EXTRACTED ENTRIES:

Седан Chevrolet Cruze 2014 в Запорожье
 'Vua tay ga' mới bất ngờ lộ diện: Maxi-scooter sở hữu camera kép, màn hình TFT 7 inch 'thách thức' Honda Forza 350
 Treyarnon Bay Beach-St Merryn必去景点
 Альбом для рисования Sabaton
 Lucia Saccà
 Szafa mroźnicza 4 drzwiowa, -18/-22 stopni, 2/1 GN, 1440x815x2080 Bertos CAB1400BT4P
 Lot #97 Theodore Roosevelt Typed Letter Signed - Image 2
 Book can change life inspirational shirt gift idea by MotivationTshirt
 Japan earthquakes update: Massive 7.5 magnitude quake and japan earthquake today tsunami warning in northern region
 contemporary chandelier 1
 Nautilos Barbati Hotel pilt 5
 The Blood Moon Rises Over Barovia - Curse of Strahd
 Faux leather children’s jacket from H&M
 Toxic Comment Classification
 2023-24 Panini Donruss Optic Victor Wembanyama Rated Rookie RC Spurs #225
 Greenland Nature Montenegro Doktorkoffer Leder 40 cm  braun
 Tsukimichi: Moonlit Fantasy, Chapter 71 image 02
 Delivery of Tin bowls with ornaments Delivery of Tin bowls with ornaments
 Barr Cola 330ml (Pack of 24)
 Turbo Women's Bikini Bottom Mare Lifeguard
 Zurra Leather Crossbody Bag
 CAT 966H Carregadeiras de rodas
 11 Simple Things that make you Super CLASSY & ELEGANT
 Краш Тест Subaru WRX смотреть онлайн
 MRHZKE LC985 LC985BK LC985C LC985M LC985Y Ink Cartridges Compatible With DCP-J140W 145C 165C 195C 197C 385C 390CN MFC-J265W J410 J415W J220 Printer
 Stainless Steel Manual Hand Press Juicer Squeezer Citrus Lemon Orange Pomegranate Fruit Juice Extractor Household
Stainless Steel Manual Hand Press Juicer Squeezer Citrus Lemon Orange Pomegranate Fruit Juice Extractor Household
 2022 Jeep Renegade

WHAT YOU HAVE TO DO:
Say how many lines of the material contain the word "Steel", with no other text.

RESULT OF THE TASK:
2